54-year-old man, smoker of 30 cigarettes a day. He first consulted the urology department in May 2000 for lower urinary tract infection and left renal colic.
Rectal examination revealed a fixed, stony, irregular prostate in both lobes. Ultrasonography shows no alterations of interest, except for an enlarged prostate for his age (prostate weighing approximately 65 grams).
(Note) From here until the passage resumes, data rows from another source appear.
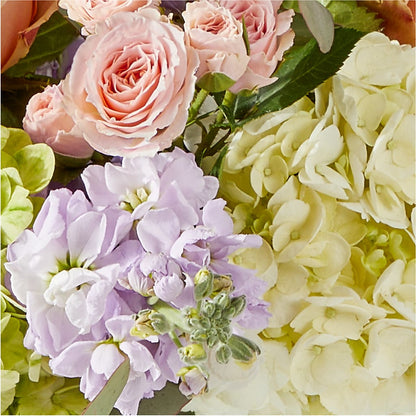 Porch Swing Bouquet –  Rita Fleuriste Montreal, Montreal PQ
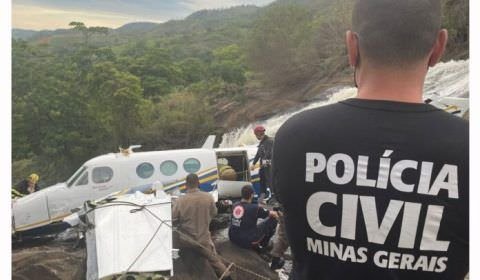Urgente: polícia encontra cabo enrolado em hélice do avião de Marília Mendonça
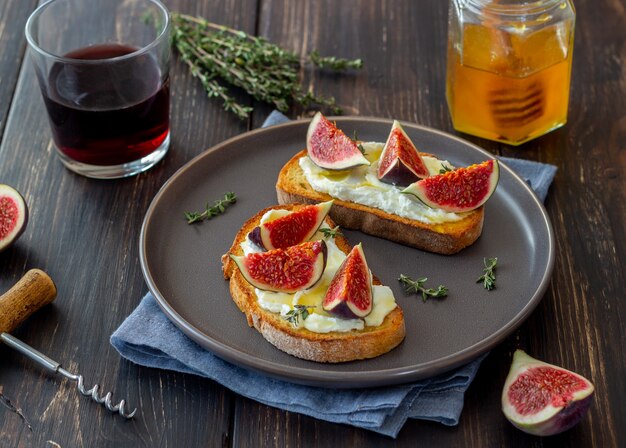 Bruschetta mit Feigen, Honig und Käse. Gesundes Essen. Vegetarisches Essen.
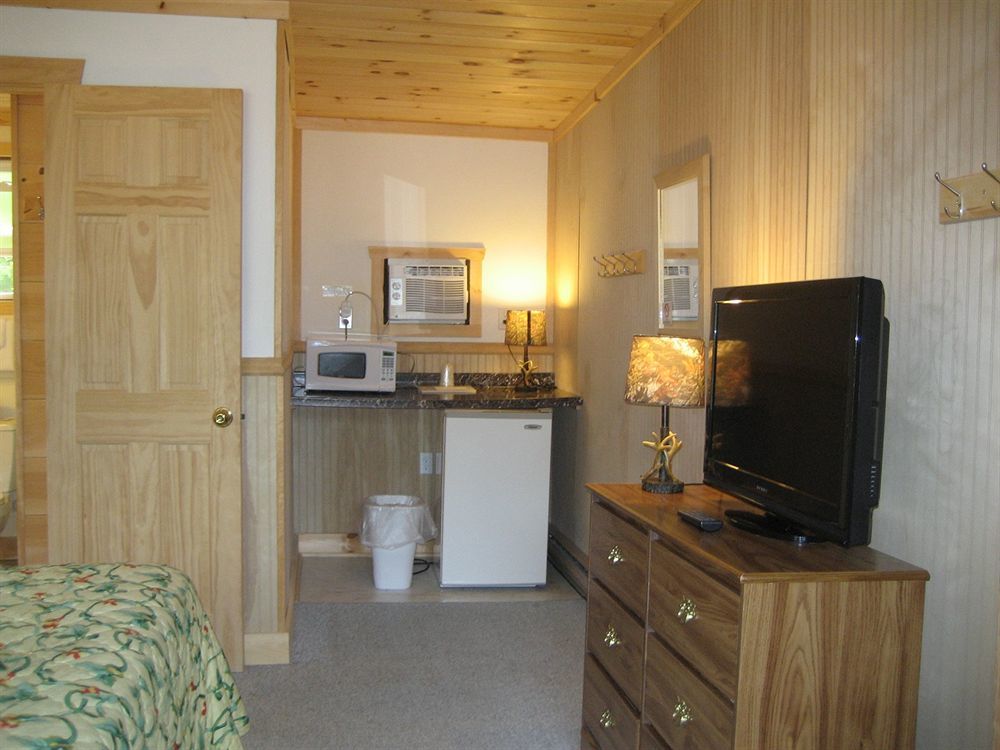 Golden Sands Resort Lake George Exterior foto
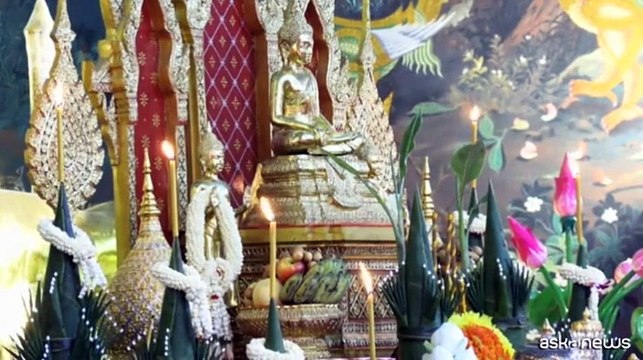 Mille monaci buddisti pregano per la pace confine Cambogia-Thailandia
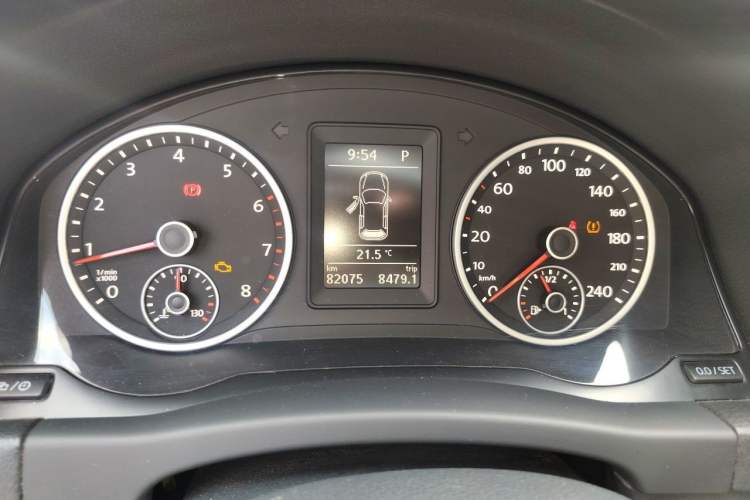 Used Volkswagen Tiguan 2017 300TSI Automatic Two-Wheel Drive Silk Road Comfort Edition Instrument Cluster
The PSA is 223.
Prostate biopsy revealed 6 markedly infiltrated cylinders of adenocarcinoma Gleason VII. A staging bone scan was performed, which showed no evidence of bone pathology, and complete androgen blockade with antiandrogens and LH-RH analogues was initiated (August 2000).
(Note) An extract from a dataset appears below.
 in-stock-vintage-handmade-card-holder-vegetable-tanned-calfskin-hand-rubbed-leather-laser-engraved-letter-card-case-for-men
During follow-up, PSA levels gradually increased (January 2001: 0.5, August 2001: 0.7, February 2002: 6.4, April 2002: 14), without the patient noticing any worsening of his general condition.
In February and April 2002, he visited the emergency department for two episodes of haematuria and urinary retention, requiring bladder catheterisation for a month. His obstructive symptoms progressively worsened over two months, reaching the point of almost dribbling urine in June 2002. The urine flow study in May 2002 showed a peak flow of 2 ml/sec, with a residual of 80 ml. Due to this clearly obstructive worsening of his disease, transurethral resection of the prostate was proposed.
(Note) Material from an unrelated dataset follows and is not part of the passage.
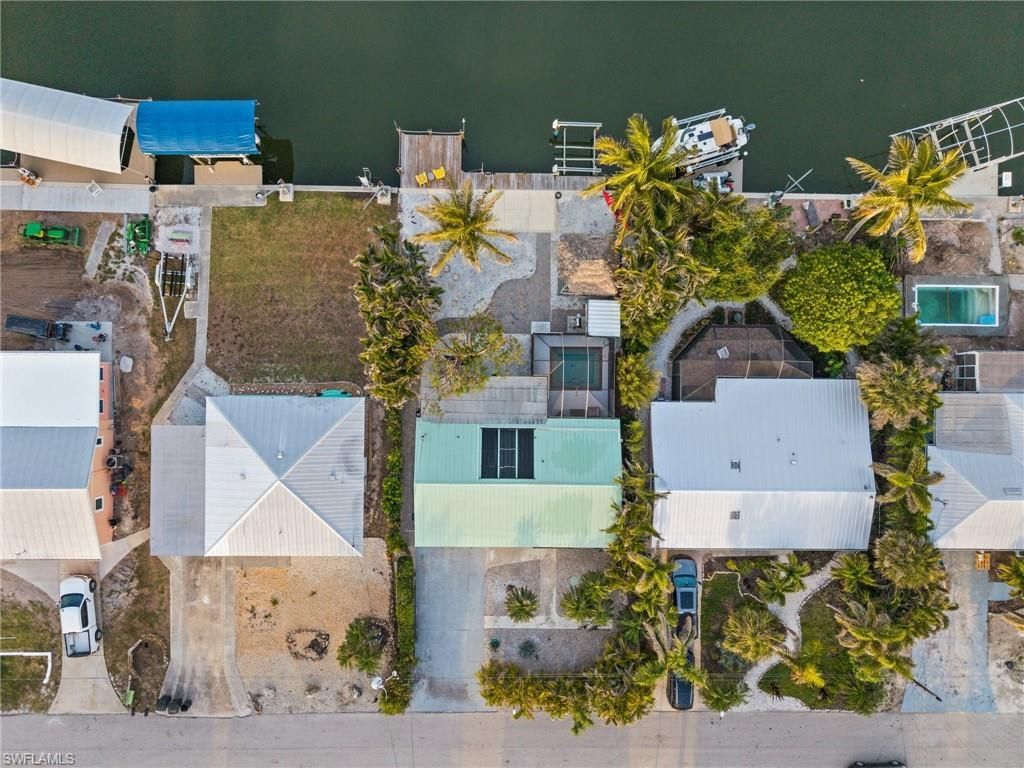 2331 Lemon St, Saint James City, FL 33956 Photo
In July 2002, when the resector was introduced to perform the resection of the prostate, a penile urethra full of 0.5-1 cm polypoid mamelon formations was observed, which made entry into the bladder difficult, as they reduced the urethral calibre and bled when rubbed. The rest of the bulbar and prostatic urethra is normal, the latter being somewhat unstructured. T.U.R. was not performed because it was difficult to see.
In July 2002, after finding a PSA of 22, antiandrogens were withdrawn, keeping the analogues and including the patient in a trial with Atrasentan (M00- 244).
The persistence of severe obstructive symptoms justified a resection of the urethral mamelons and the prostate, and both samples were sent separately to the anatomical pathology department to obtain histological affiliation of the urethral mamelons. Bladder catheterisation was maintained for 3 weeks. The histological diagnosis of the urethral tissue was: masses formed exclusively by a Gleason X adenocarcinoma. Regarding the prostate tissue itself, the diagnosis was the same.
At present, the patient is in excellent general condition, attending the relevant consultations according to the trial protocol, with no symptoms derived from his illness.